Shimel: Okay. So, Prem, let me put you on the spot here a little bit. We have listeners out there saying, “Wow, this guy’s done a project where they did this,” right? If you could – and we didn’t discuss it, so I apologize for putting you on the spot – can you give our listeners sorta three things they should avoid? What were the three biggest lessons you learned in the course of this project?

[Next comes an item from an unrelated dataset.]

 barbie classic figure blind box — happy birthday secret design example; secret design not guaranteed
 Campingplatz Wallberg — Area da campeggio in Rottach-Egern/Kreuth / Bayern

Chandrasekaran: Yeah, so, okay, I’m gonna try to look for three things, right? Okay, so the first thing that comes to mind is that, at least at a place like where we are, in a bank, right, buy-in is very important. So you might have buy-in from the top, but you need to have buy-in from pretty much every facet of the organization, that automation isn’t a threat to their jobs and existence, right?
Shimel: Mm-hmm.
Chandrasekaran: Where, you know, it’s normal that now our time and operations person – “Oh, my job can be automated and now I’m out of a job.” Right? That’s one thing that it’s largely a psychology thing, where you have to address that and give people the confidence that that’s not the motive here. The motive here is to churn out software fast and enable both DevOps, business, QA, information security – I mean, you name a whole bunch of these groups – it’s about collaborating and working closely together to achieve the end, which is putting out software solutions for our customers and our stakeholders repeatedly and reliably, like I said before. That’s one. It’s more of a mental shift that needs to happen. And, unless you do that, you’re going to meet with a lot of resistance.

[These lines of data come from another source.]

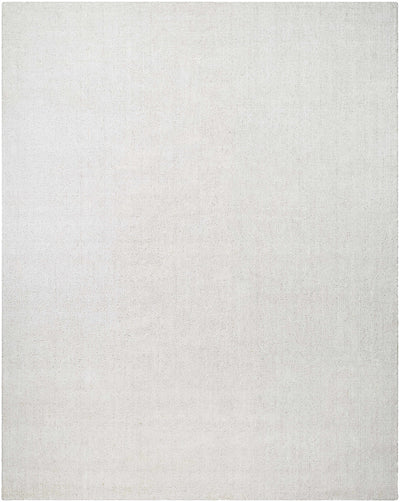 Ivory Hand Loomed 100% Recycled PET Yarn Cottage Rectangle Handmade rug, Indoor use only, no fringe, non-washable.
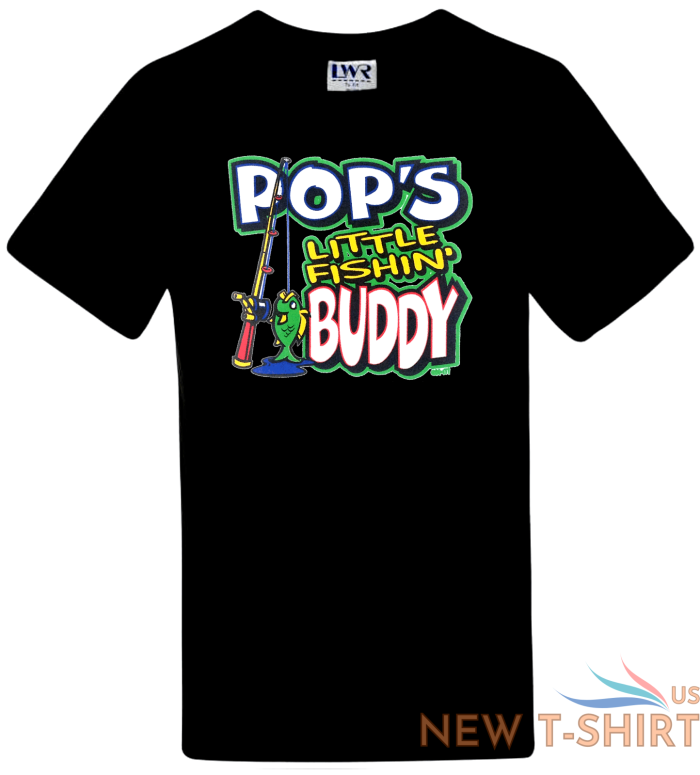 pop s little fishing buddy t shirt fishing t shirt novelty tee tops funny tshirt 2.png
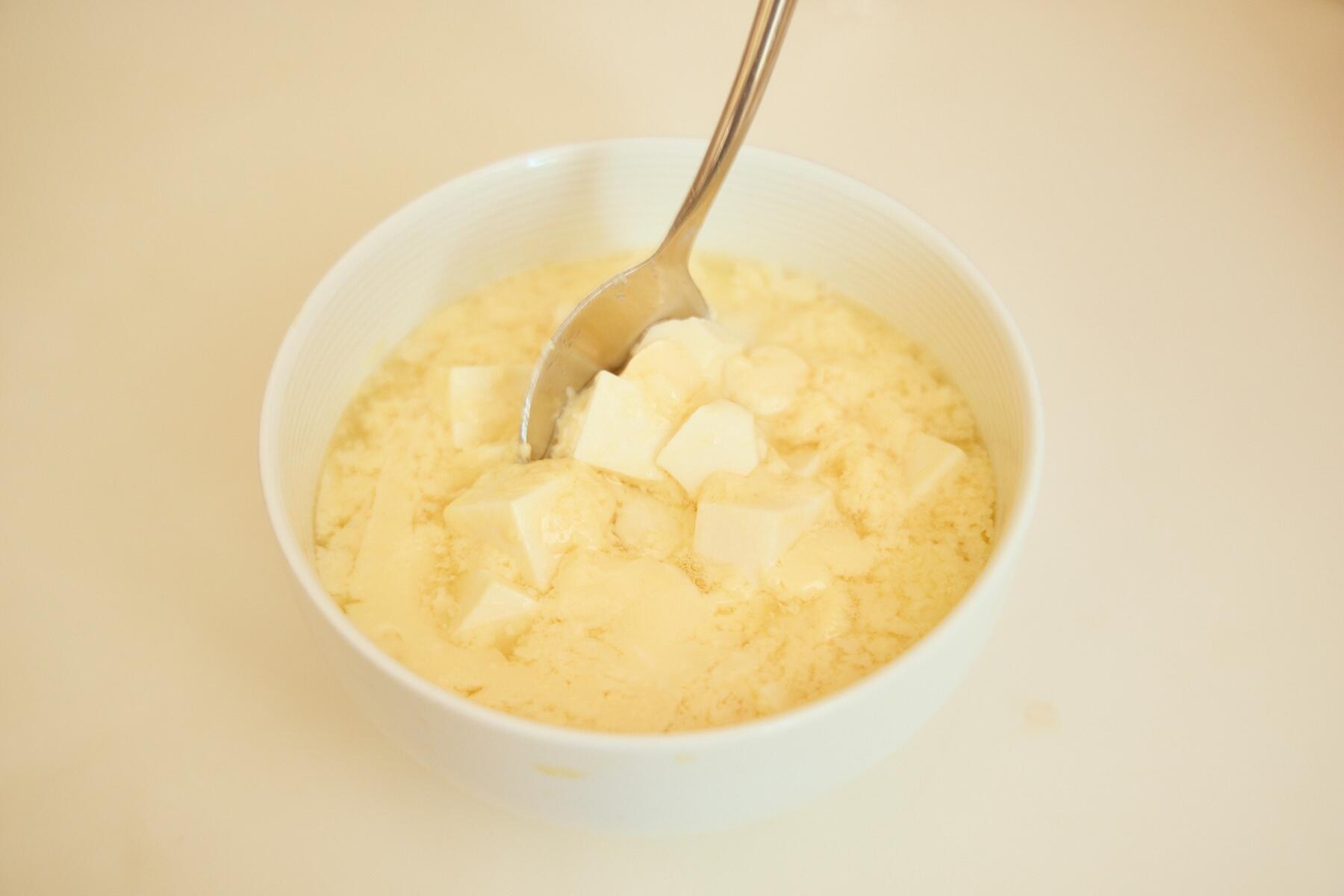 レンジで加熱する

The second thing is in terms of who you hire, right? Like I said, it’s a mental thing. It’s a philosophy where you need to have likeminded people who want to do the automation, as opposed to doing something that’s manual and error-prone, right? So hiring the right kind of people definitely is second.
And, third, it also needs your business folks to be patient while these transformations happen, where you might not see the benefits of it on day two, right? It takes a while for the benefits to start appearing because it does take a lot of practice. And we’re not there yet in terms of saying that we’ve achieved perfection – I guess nobody can say that – but it does take a few patient stakeholders as well. I mean, those are my three things.

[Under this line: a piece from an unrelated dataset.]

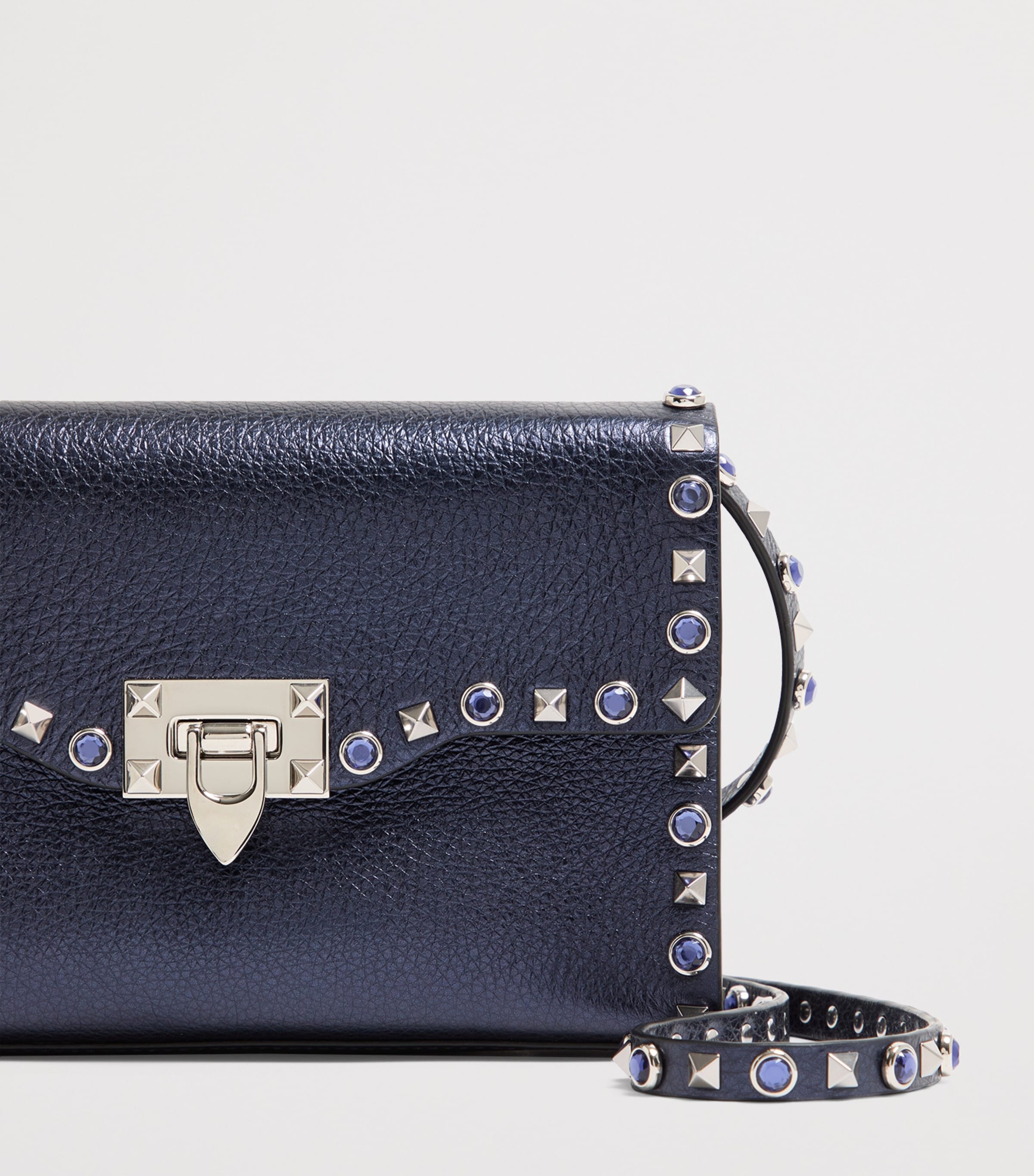 Valentino Garavani Calfskin Rockstud Spike Shoulder Bag Image 6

Shimel: Excellent. So, you know, Prem, when we started, I said the 15 minutes go quick – we’re wrapping up here – but, again, for our listeners who maybe are contemplating or in the throes of their own DevOps journeys, I mean, this is certainly a success story to date. What else – I mean, what’s next here, though? Beyond what you’ve already mentioned to us?
Chandrasekaran: Yeah, you know, so, right now – I mean, our next step is to scale this out, right? I mean, we’ve got one product line that is using all of these, and a bunch of the rest of the organization, at least here in the US, has drawn a lot of inspiration from the successes that we’ve gained here. You know, we still operate in a private-cloud environment. We’re targeting going to the public cloud, which basically means that we now allow ourselves to scale a lot more quicker and a lot more faster. So, yeah, I mean, that’s probably the next step, where we’re targeting the public cloud and provide value to our business and customers a lot more quicker that way.
Shimel: Excellent. Excellent. Well, Prem, thanks so much for giving us a little bit of insight into how Barclaycard US has leveraged DevOps here and has started out on their own DevOps journey. We’d love to hear more about it in the future; maybe we can check in.
Chandrasekaran: Yeah. Thank you very much, Alan, for having us.
Shimel: Okay. Prem—and I’m not even gonna mess it up or attempt ’cause I will mess it up—Prem, thanks so much for joining us here on DevOps Chat. This is Alan Shimel for DevOps Chat and we hope to see you soon on another DevOps Chat. Have a great day, everyone.